Tugu Monas merupakan simbol kegagahan Kota Jakarta dan Tugu Monas merupakan sebuah tempat yang mempersatukan seluruh warga multikultur Jakarta dari berbagai strata sosial dan pekerjaan untuk menikmati hari libur. Berada di Jantung kota, Tugu Monas memiliki taman seluas 80 hektar ini merupakan “titik nol” hitungan pemetaan Kota Jakarta. Diarsiteki oleh Sudarsono dan F.Silaban dengan Ir.Rooseno sebagai konsultan, tugu setinggi 137 meter dari dana hasil sumbangan masyarakat Indonesia ketika itu dirancang mampu bertahan selama 1000 tahun.
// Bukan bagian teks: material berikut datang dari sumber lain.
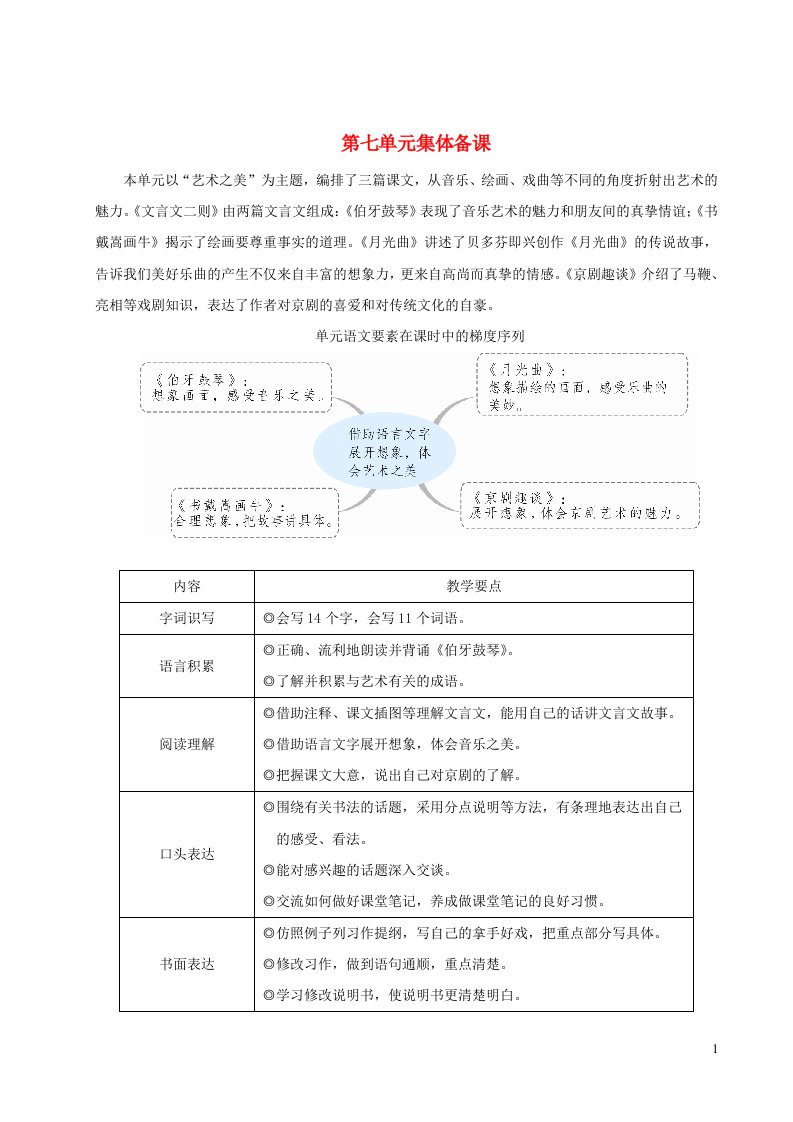 2023六年级语文上册第七单元22文言文二则教案新人教版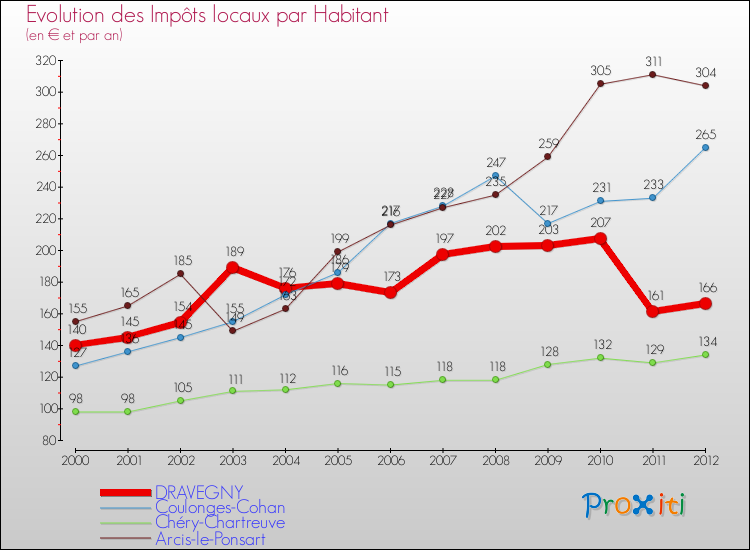 Evolution et montant des impôts locaux par Habitant pour DRAVEGNY et les communes proches Comparaison des impôts locaux par habitant pour DRAVEGNY et les communes voisines
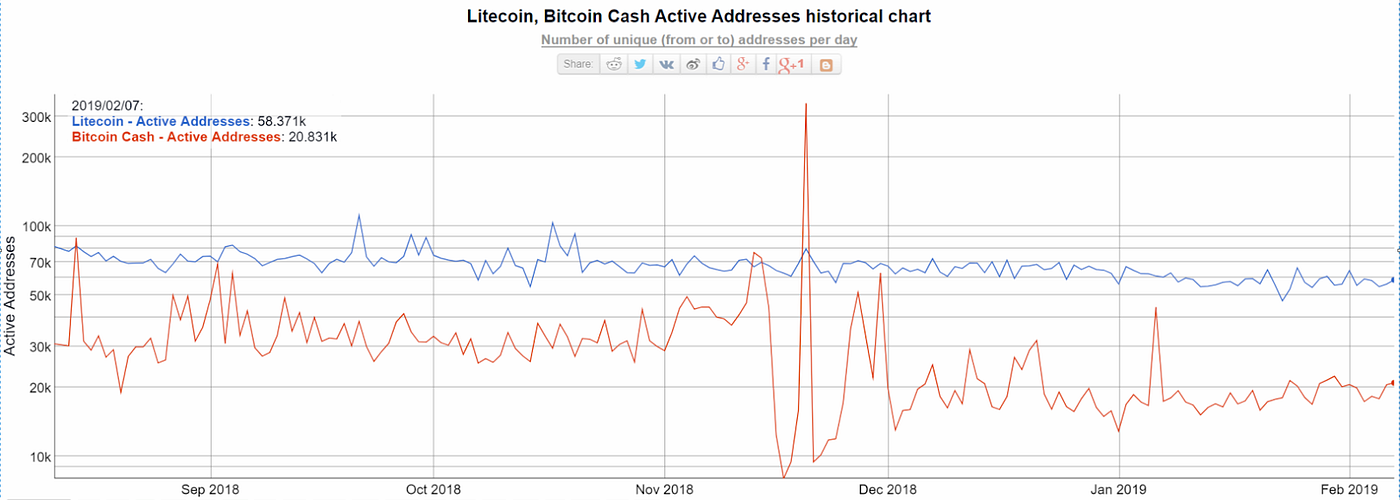 Litecoin Vs Bitcoin Cash Are They Viable Alternative Payment - 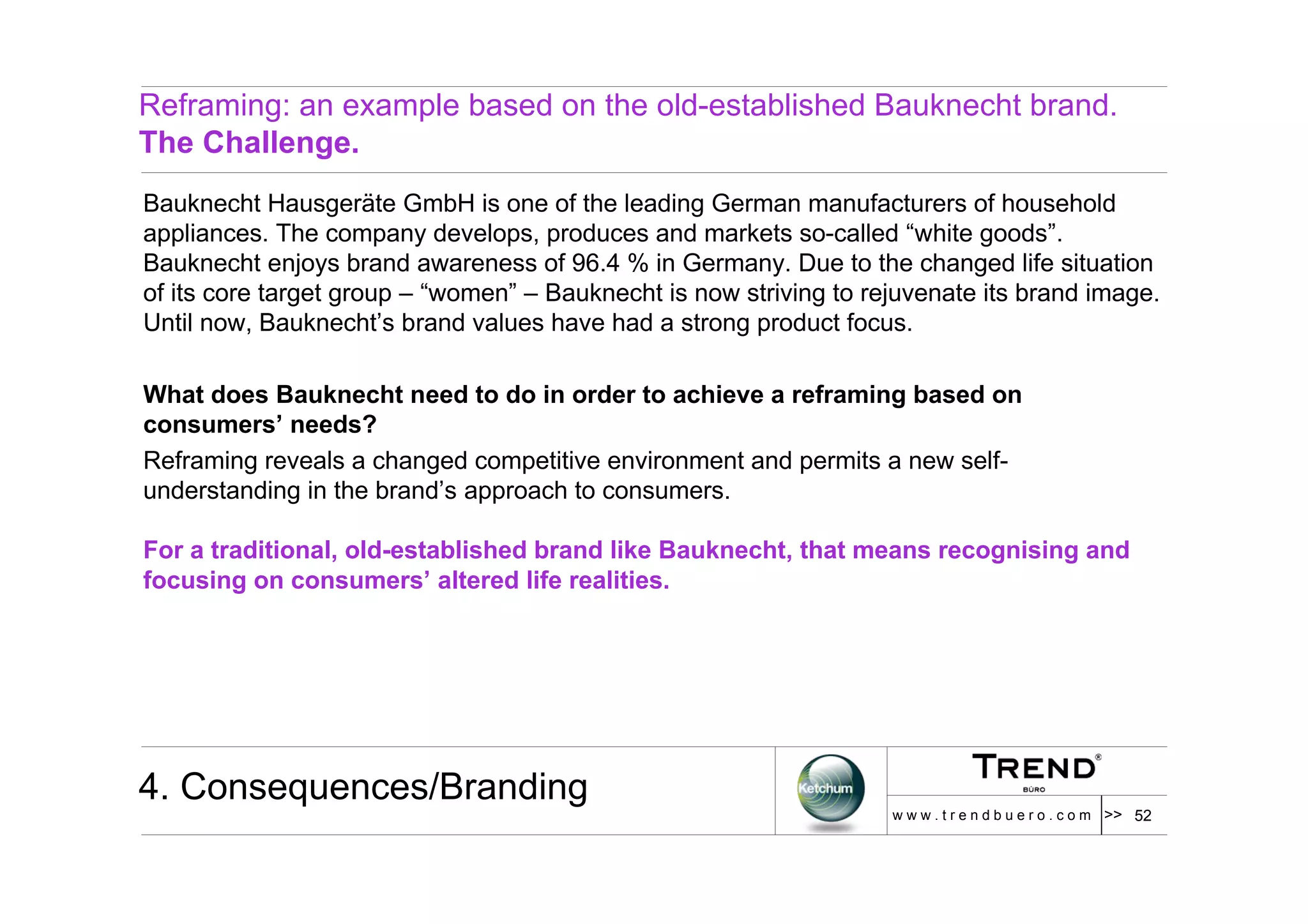 Identity Management Manifesto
Semangat patriotisme rakyat Indonesia dilambangkan melalui “lidah api” terbuat dari perunggu seberat 143 ton dan dilapisi dengan 35 kilogram emas murni.
Akhirnya, masyarakat dapat menikmati “Enjoy Jakarta” secara lengkap mulai dari awal berdirinya sampai masa dimana Jakarta menjadi Kota Megapolitan dengan masyarakatnya yang Multikultur sejak dahulu kala tetap bertahan hingga detik ini. Semua itu hanya didapati di Anjungan DKI Jakarta, Taman Mini Indonesia Indah, Jakarta Timur.